-- DATASET EXTRACT --

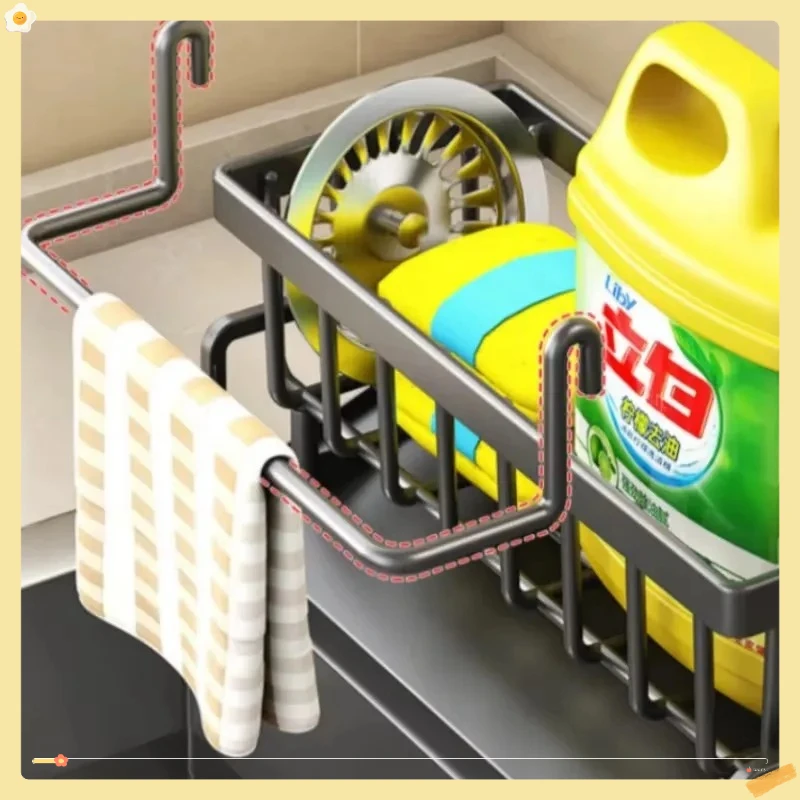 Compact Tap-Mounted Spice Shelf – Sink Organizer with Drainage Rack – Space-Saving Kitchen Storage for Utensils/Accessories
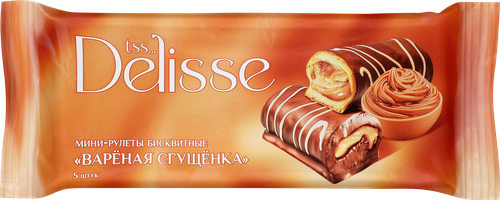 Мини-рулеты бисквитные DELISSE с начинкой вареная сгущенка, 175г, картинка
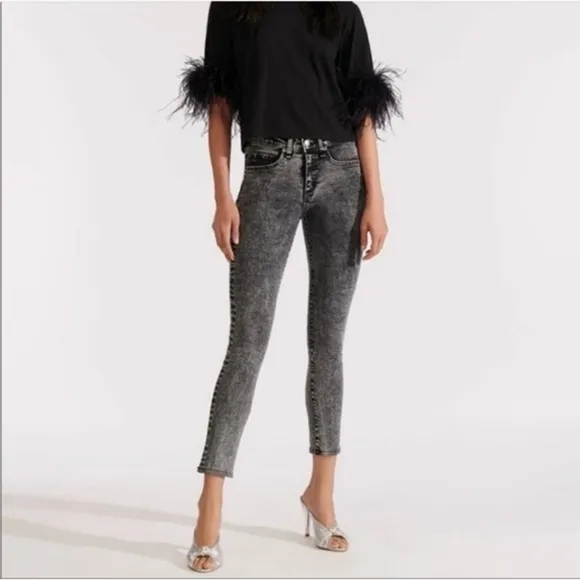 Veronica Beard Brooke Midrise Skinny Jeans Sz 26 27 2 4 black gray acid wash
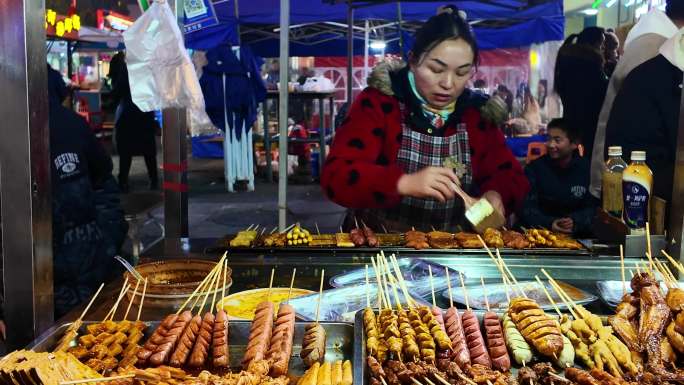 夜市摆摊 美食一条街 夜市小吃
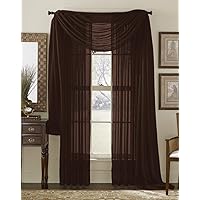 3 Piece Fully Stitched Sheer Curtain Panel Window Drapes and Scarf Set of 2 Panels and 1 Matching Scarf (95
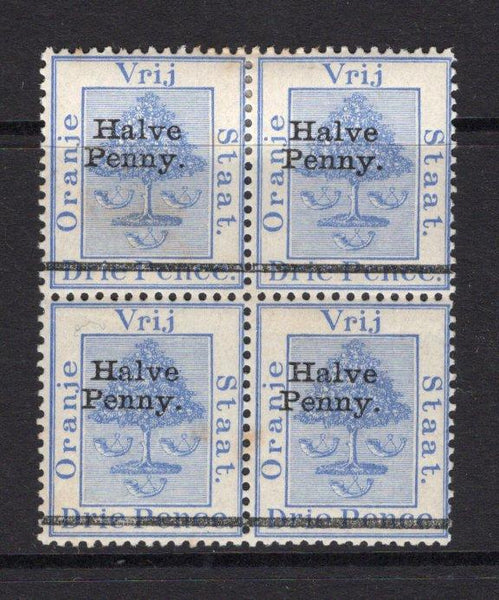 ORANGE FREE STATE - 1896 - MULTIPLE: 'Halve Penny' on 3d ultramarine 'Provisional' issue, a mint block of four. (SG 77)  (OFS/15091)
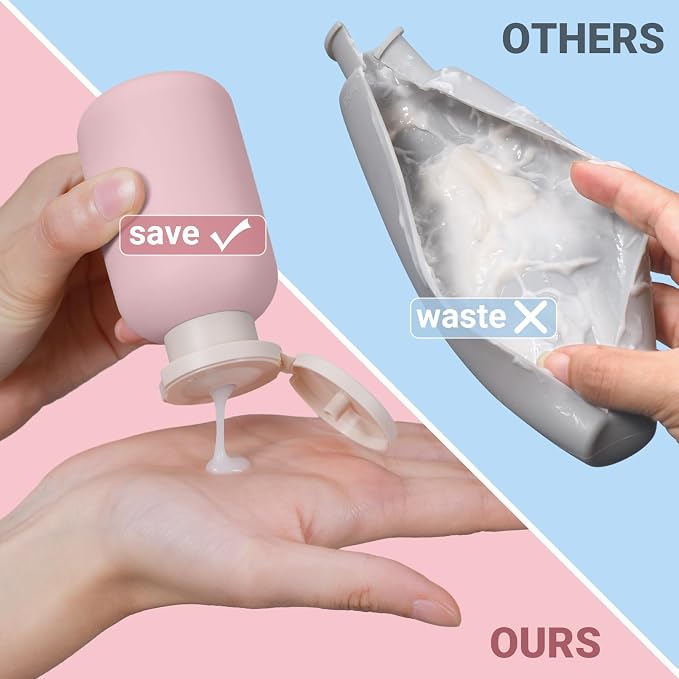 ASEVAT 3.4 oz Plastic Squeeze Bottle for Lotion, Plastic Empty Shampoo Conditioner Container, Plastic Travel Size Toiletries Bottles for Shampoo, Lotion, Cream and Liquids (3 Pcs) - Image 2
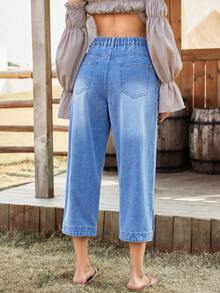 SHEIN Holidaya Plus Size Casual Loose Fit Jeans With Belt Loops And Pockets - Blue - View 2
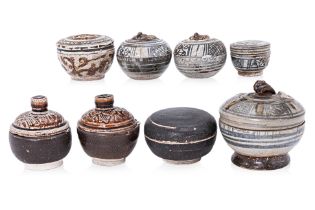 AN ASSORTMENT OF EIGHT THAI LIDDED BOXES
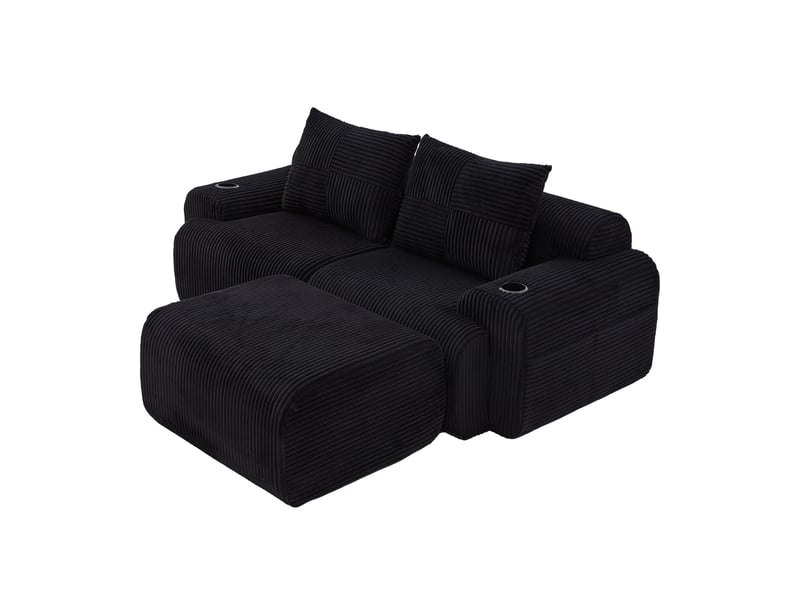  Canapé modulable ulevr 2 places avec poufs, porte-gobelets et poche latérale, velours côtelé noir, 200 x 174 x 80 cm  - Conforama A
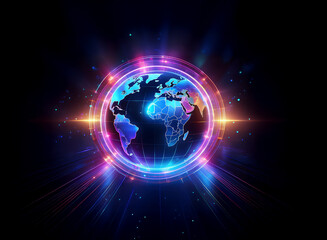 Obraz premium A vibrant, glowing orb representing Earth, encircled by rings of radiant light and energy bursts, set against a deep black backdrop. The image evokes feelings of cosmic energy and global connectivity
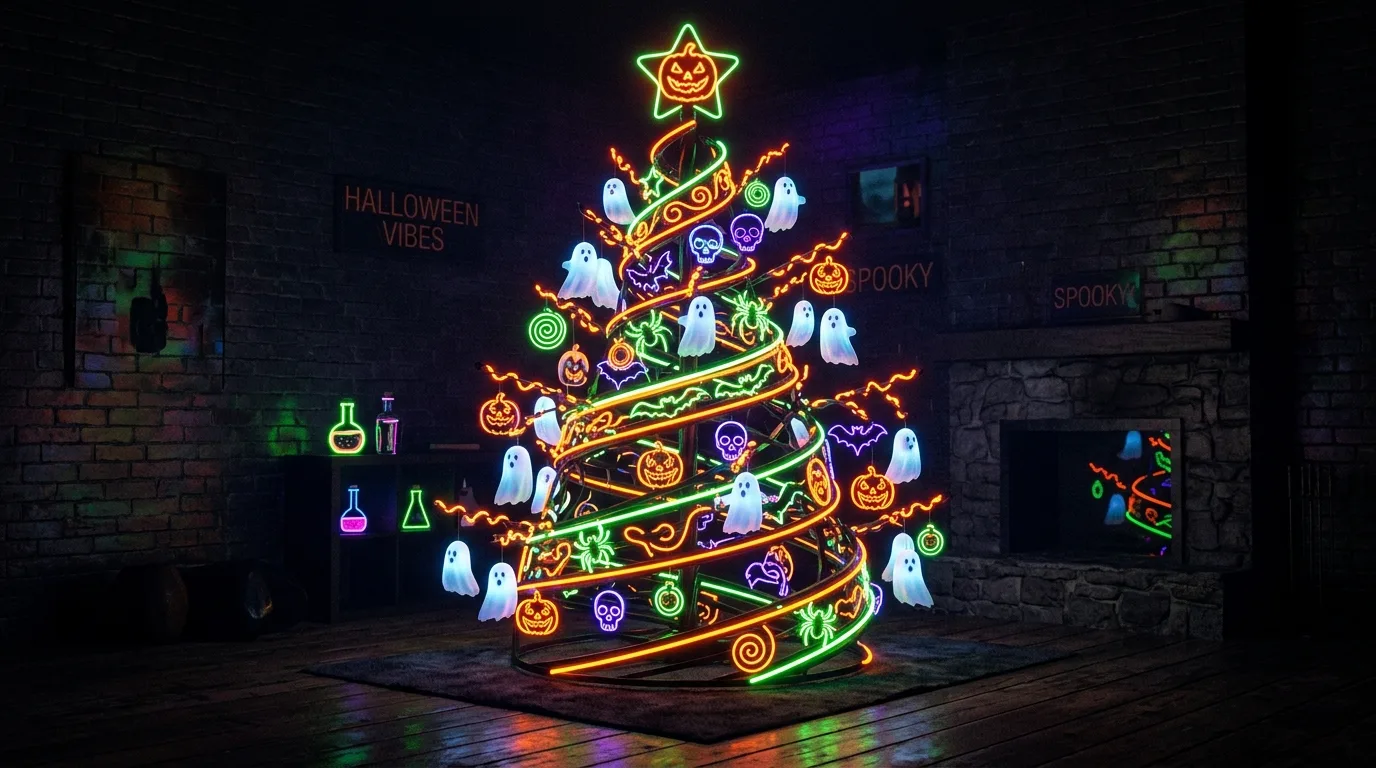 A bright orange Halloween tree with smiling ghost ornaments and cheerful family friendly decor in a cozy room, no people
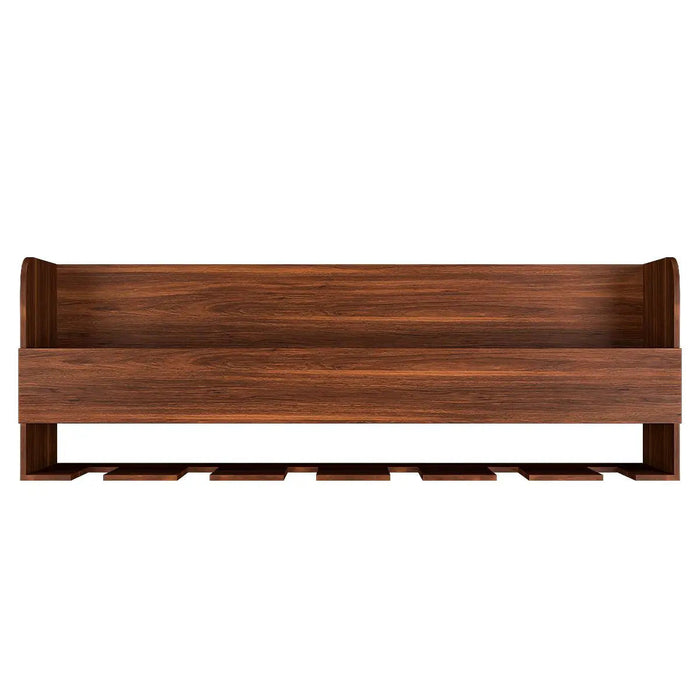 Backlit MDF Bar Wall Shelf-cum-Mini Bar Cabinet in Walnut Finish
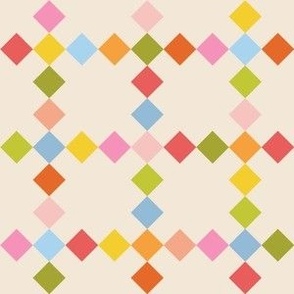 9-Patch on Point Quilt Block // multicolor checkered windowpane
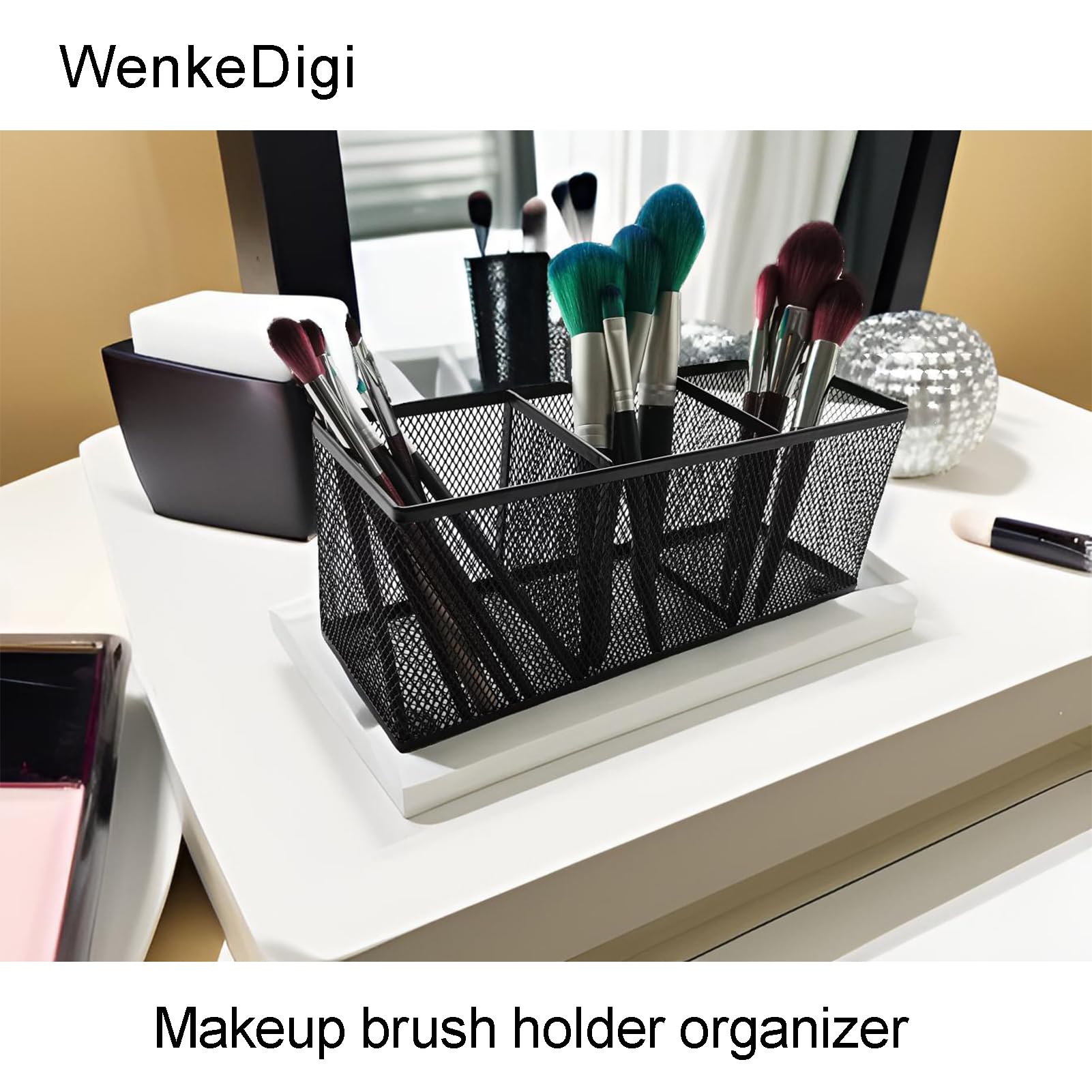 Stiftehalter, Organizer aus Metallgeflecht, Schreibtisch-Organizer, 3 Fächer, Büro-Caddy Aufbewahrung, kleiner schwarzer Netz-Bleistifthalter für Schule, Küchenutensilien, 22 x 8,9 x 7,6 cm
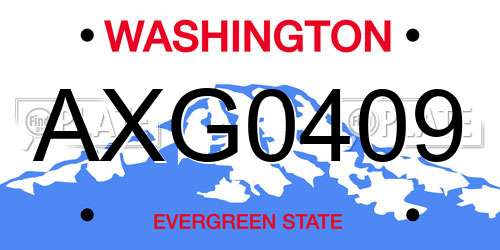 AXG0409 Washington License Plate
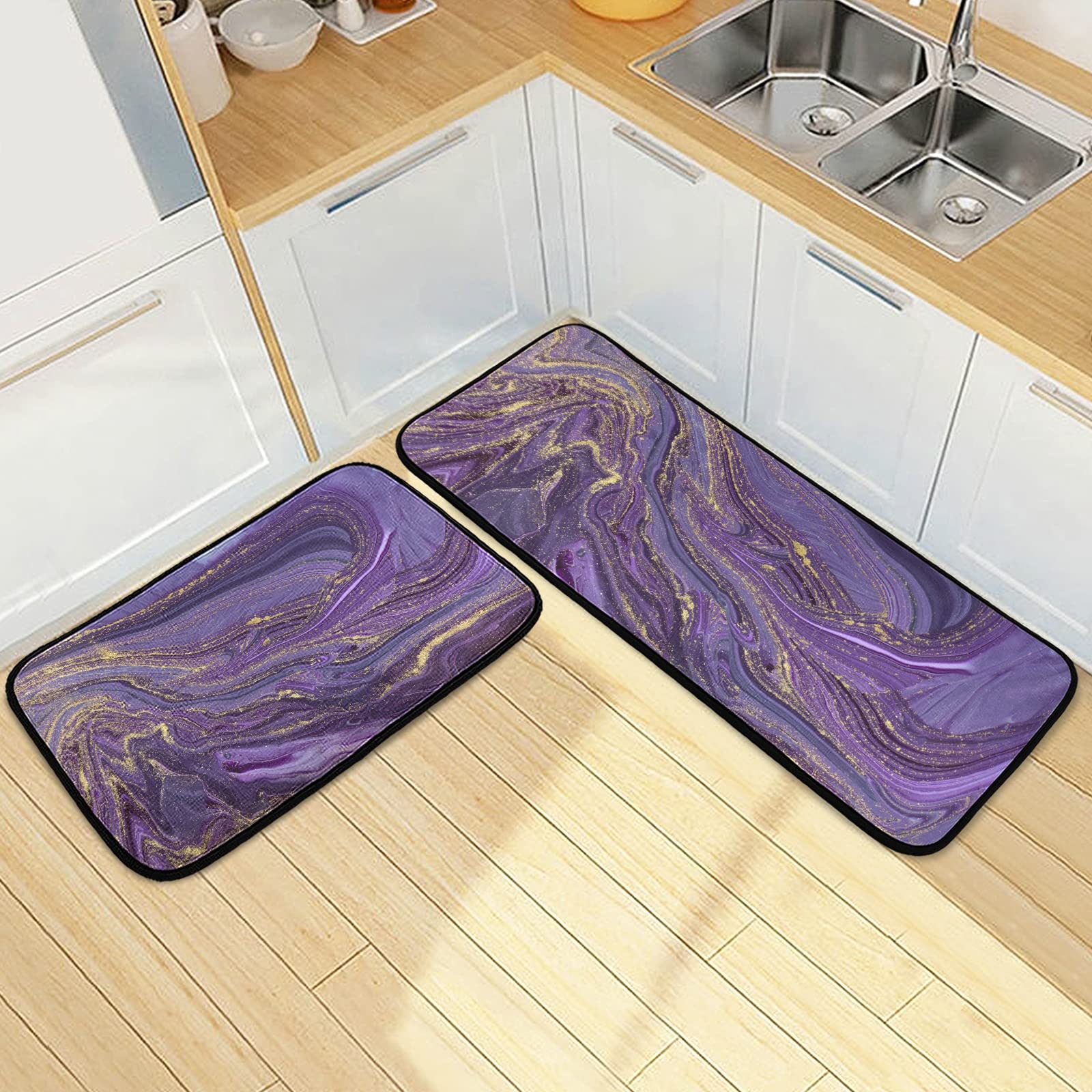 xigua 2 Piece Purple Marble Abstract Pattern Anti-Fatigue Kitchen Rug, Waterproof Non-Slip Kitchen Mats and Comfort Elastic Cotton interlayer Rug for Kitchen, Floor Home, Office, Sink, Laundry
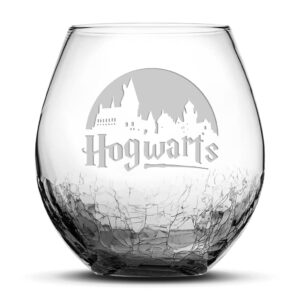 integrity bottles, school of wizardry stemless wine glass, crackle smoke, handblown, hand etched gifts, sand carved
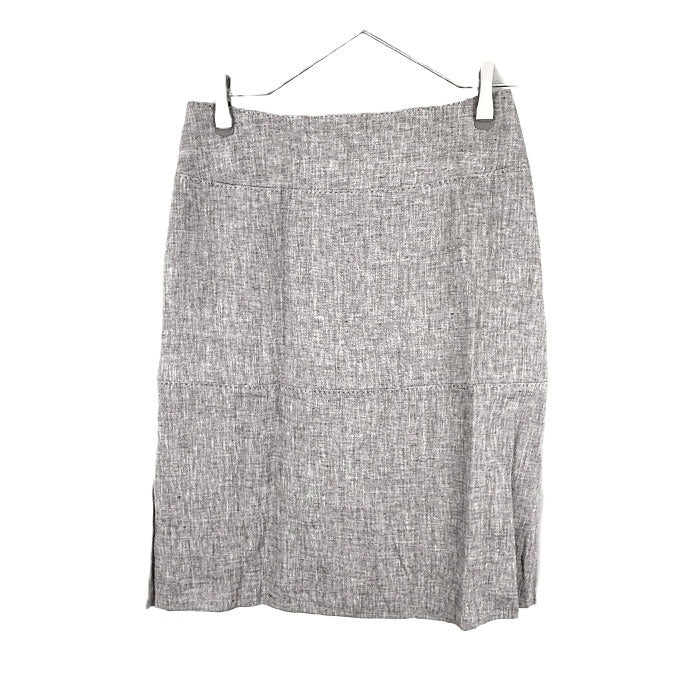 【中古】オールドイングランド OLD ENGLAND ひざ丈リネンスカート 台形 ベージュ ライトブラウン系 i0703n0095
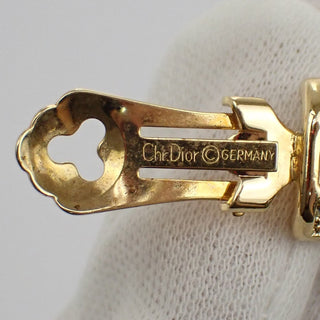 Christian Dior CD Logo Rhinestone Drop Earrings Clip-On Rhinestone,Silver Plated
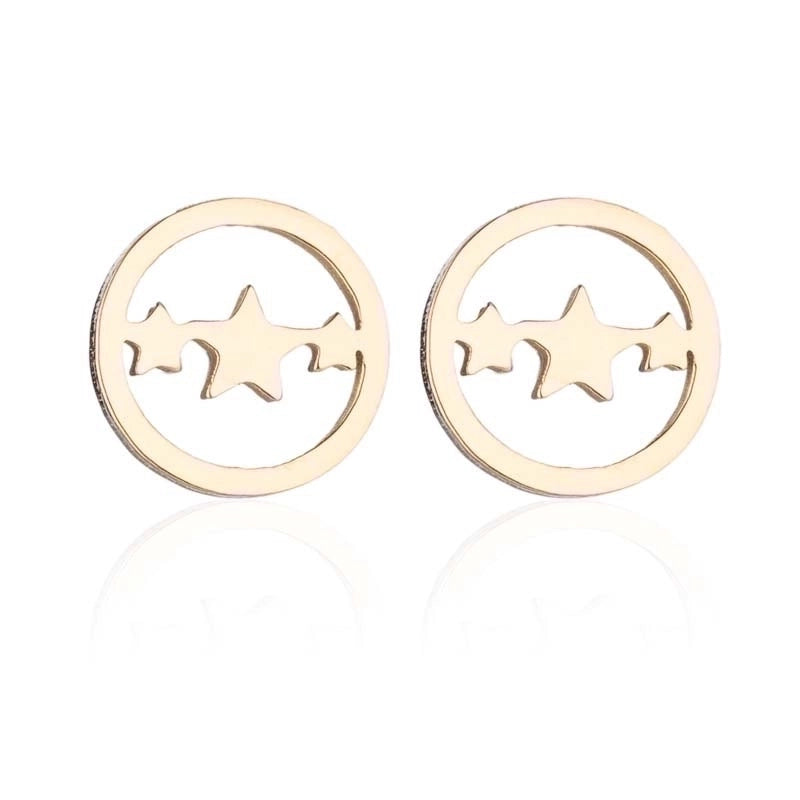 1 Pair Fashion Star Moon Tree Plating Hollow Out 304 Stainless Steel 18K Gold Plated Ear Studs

-- WHAT THE EXERCISE ASKS --
Omit all pictures, and repeat exactly the lines from the line containing "Stiftehalter, Organizer aus" through the end of the data.

-- EXERCISE RESPONSE --
 Stiftehalter, Organizer aus Metallgeflecht, Schreibtisch-Organizer, 3 Fächer, Büro-Caddy Aufbewahrung, kleiner schwarzer Netz-Bleistifthalter für Schule, Küchenutensilien, 22 x 8,9 x 7,6 cm
 AXG0409 Washington License Plate
 xigua 2 Piece Purple Marble Abstract Pattern Anti-Fatigue Kitchen Rug, Waterproof Non-Slip Kitchen Mats and Comfort Elastic Cotton interlayer Rug for Kitchen, Floor Home, Office, Sink, Laundry
 integrity bottles, school of wizardry stemless wine glass, crackle smoke, handblown, hand etched gifts, sand carved
 【中古】オールドイングランド OLD ENGLAND ひざ丈リネンスカート 台形 ベージュ ライトブラウン系 i0703n0095
 Christian Dior CD Logo Rhinestone Drop Earrings Clip-On Rhinestone,Silver Plated
 1 Pair Fashion Star Moon Tree Plating Hollow Out 304 Stainless Steel 18K Gold Plated Ear Studs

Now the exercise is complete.